Inference in tf.Eager mode is being phased out but for now it's important to initialize eager mode at startup if it's going to be used.

In [0]:
%tensorflow_version 1.x
import tensorflow as tf

tfe = tf.contrib.eager
tfe.enable_eager_execution()
Modes = tf.estimator.ModeKeys


##### Shared functions for image capture

In [1]:
from IPython.display import display, Javascript
from google.colab.output import eval_js
from base64 import b64decode
import base64

import io
import numpy as np

from PIL import Image

from faced import FaceDetector
from faced.utils import annotate_image
import copy

import cv2

from pcml.datasets import image_aug


def take_photo(filename='photo.jpg', quality=0.8):
  js = Javascript('''
    async function takePhoto(quality) {
      const div = document.createElement('div');

      const video = document.createElement('video');
      video.style.display = 'block';
      const stream = await navigator.mediaDevices.getUserMedia({
          video: { width: 256, height: 128 }
      });

      document.body.appendChild(div);
      div.appendChild(video);
      video.srcObject = stream;
      video.style.visibility = "hidden";
      await video.play();

      // Resize the output to fit the video element.
      google.colab.output.setIframeHeight(document.documentElement.scrollHeight, true);

      const canvas = document.createElement('canvas');
      canvas.width = video.videoWidth;
      canvas.height = video.videoHeight;
      canvas.getContext('2d').drawImage(video, 0, 0);
      stream.getVideoTracks()[0].stop();

      data = canvas.toDataURL('image/jpeg', quality);

      div.remove();
      canvas.remove();
      video.remove();

      return data
    }
    ''')
  display(js)
  return eval_js('takePhoto({})'.format(quality))
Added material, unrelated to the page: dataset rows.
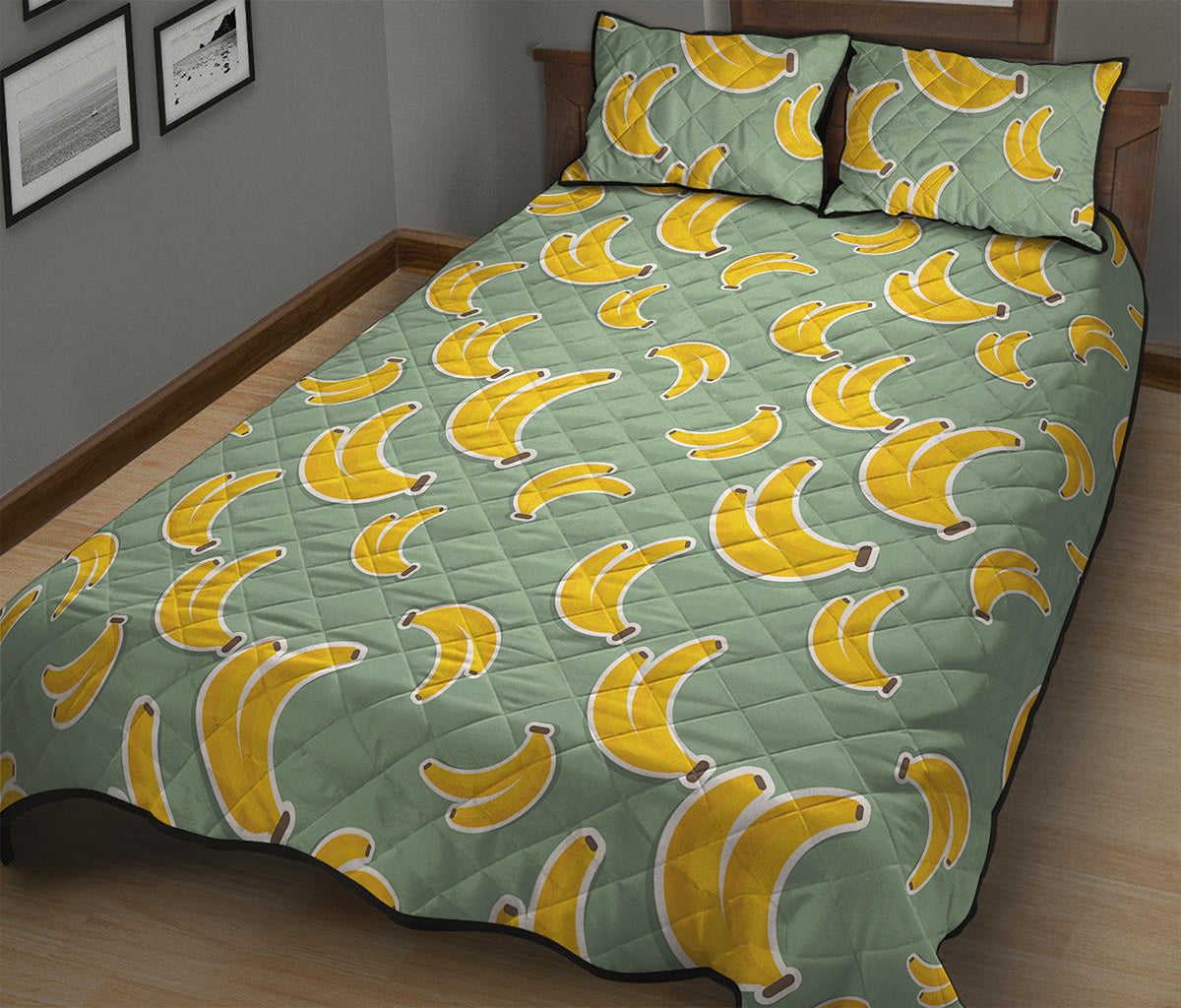 Cute Banana Pattern Print Quilt Bed Set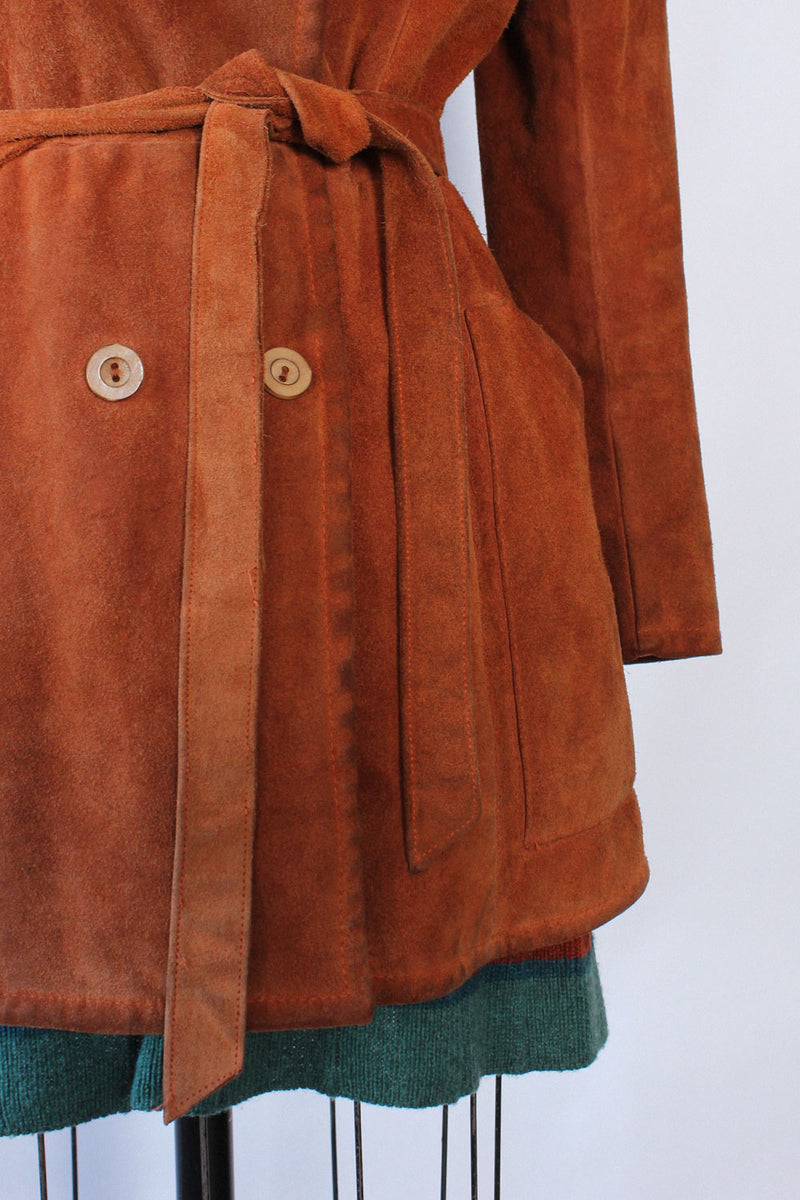 Rust Suede Shearling Collar Coat M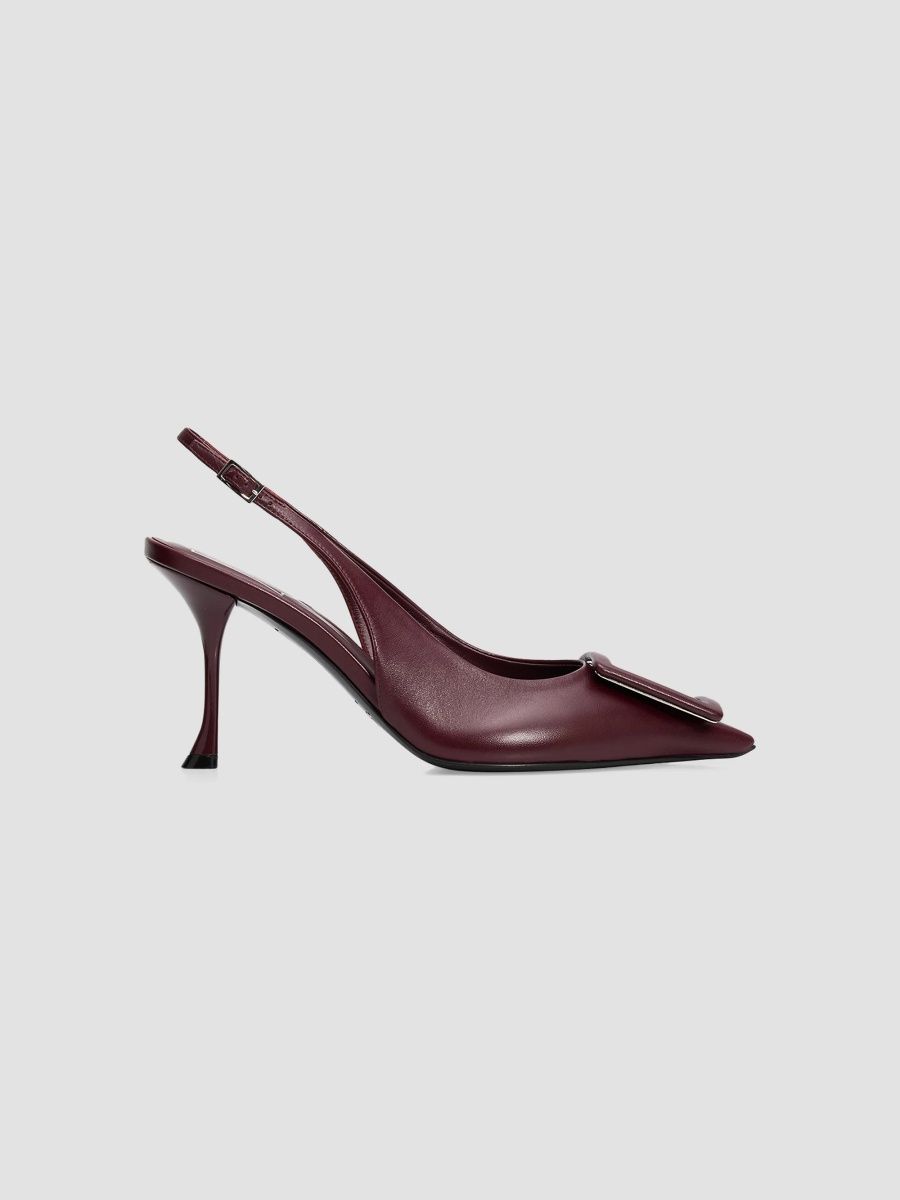 Roger Vivier Women's Viv In The City 85MM Leather Slingback Pumps - Bordeaux Scuro - Size 5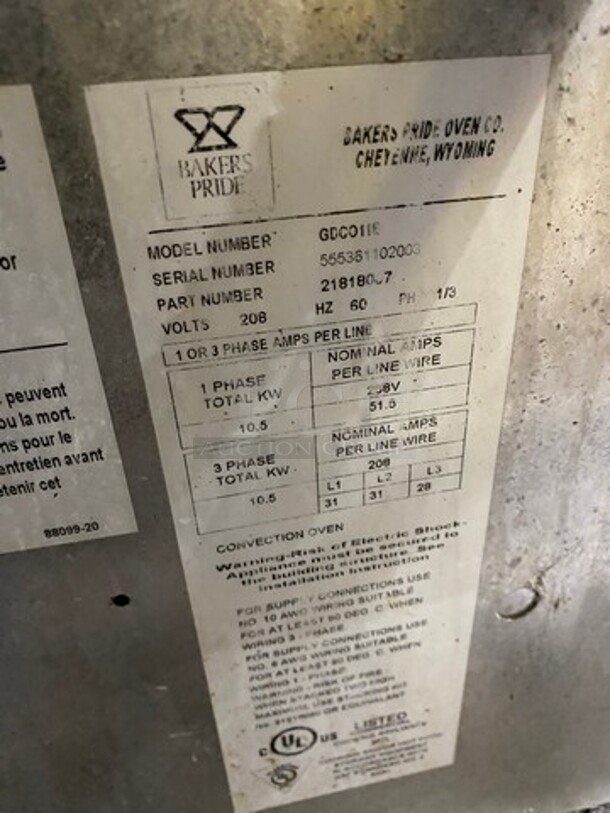 Bakers Pride Commercial Electric Powered Single Deck Convection Oven! With View Through Doors! Metal Oven Racks! All Stainless Steel! With Legs! Model: GDCO11G SN: 555361102003 208V 60HZ 1/3 Phase - Image 7 of 9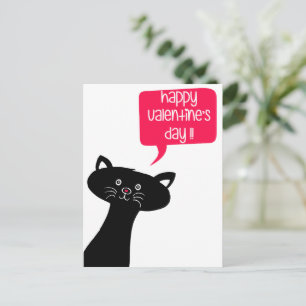 Fijne Valentijnsdag! Cute Black Cat Briefkaart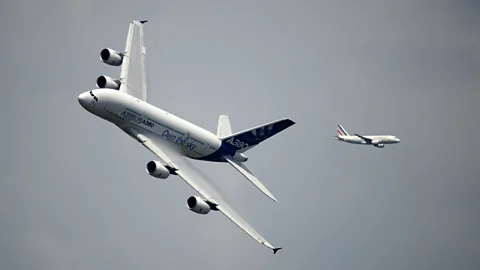 The Airbus A380 (left) is currently the biggest airliner in the world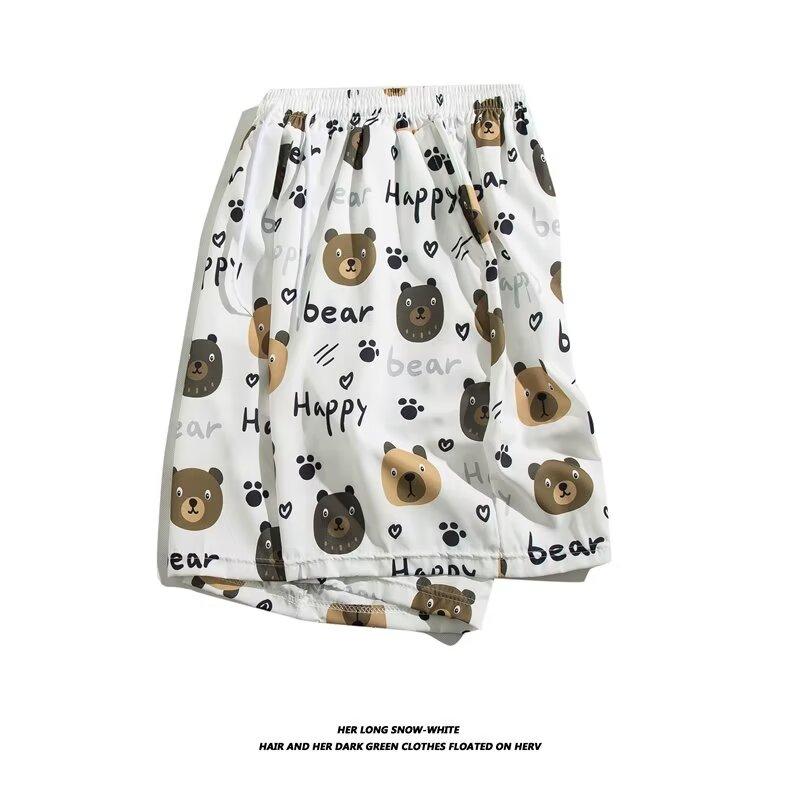 Крутые гавайские пляжные шорты из ледяного шелка, мужские летние тонкие брюки в японском ретро-американском стиле, модные брендовые повседневные брюки пять четвертей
def load_image(img_string):
  binary = b64decode(img_string.split(',')[1])
  filename = "/tmp/stream.jpeg"
  with open(filename, 'wb') as f:
    f.write(binary)
  img = Image.open(filename)
  return np.array(img)


def _random_crop_square(image):

  x,y,c = image.shape

  x_crop_before = 0
  x_crop_after = 0
  y_crop_before = 0
  y_crop_after = 0

  if x > y:
    x_crop = x - y
    x_crop_before = np.random.randint(0, x_crop)
    x_crop_after = x_crop - x_crop_before
  elif y > x:
    y_crop = y - x
    y_crop_before = np.random.randint(0, y_crop)
    y_crop_after = y_crop - y_crop_before

  x_start = x_crop_before
  x_end = x - x_crop_after
  y_start = y_crop_before
  y_end = y - y_crop_after

  return image[x_start:x_end, y_start:y_end, :]


def _normalize_dimensions(image, target_shape):

  image = _random_crop_square(image)

  mn, mx = np.amin(image), np.amax(image)
  if mn >=0 and mx <= 255:
    image = image / 255.0

  source_shape = image.shape
  scale_x_factor = target_shape[0]/source_shape[0]
  scale_y_factor = target_shape[1]/source_shape[1]
  scale_x_first = (scale_x_factor <= scale_y_factor)

  if scale_x_first:

    new_x = target_shape[0]
    new_y = int(source_shape[1]*scale_x_factor)
    resize_dim = (new_x, new_y)
    newimg = cv2.resize(image, resize_dim)
    pad_width = target_shape[1] - new_y
    if pad_width > 0:
      # Pad in Y direction
      newimg = np.pad(newimg, [(0,pad_width),(0,0),(0,0)], mode="mean")

  else:

    new_y = target_shape[1]
    new_x = int(source_shape[0]*scale_y_factor)
    resize_dim = (new_x, new_y)
    newimg = cv2.resize(image, resize_dim)
    pad_width = target_shape[0] - new_x
    if pad_width > 0:
      # Pad in X direction
      newimg = np.pad(newimg, [(0,0),(0,pad_width),(0,0)], mode="mean")

  newimg = (newimg*255.0).astype(np.int64)

  return newimg


def detect_and_preprocess(image):

  detector = FaceDetector()
  detect_threshold = 0.5
  predictions = detector.predict(image, detect_threshold)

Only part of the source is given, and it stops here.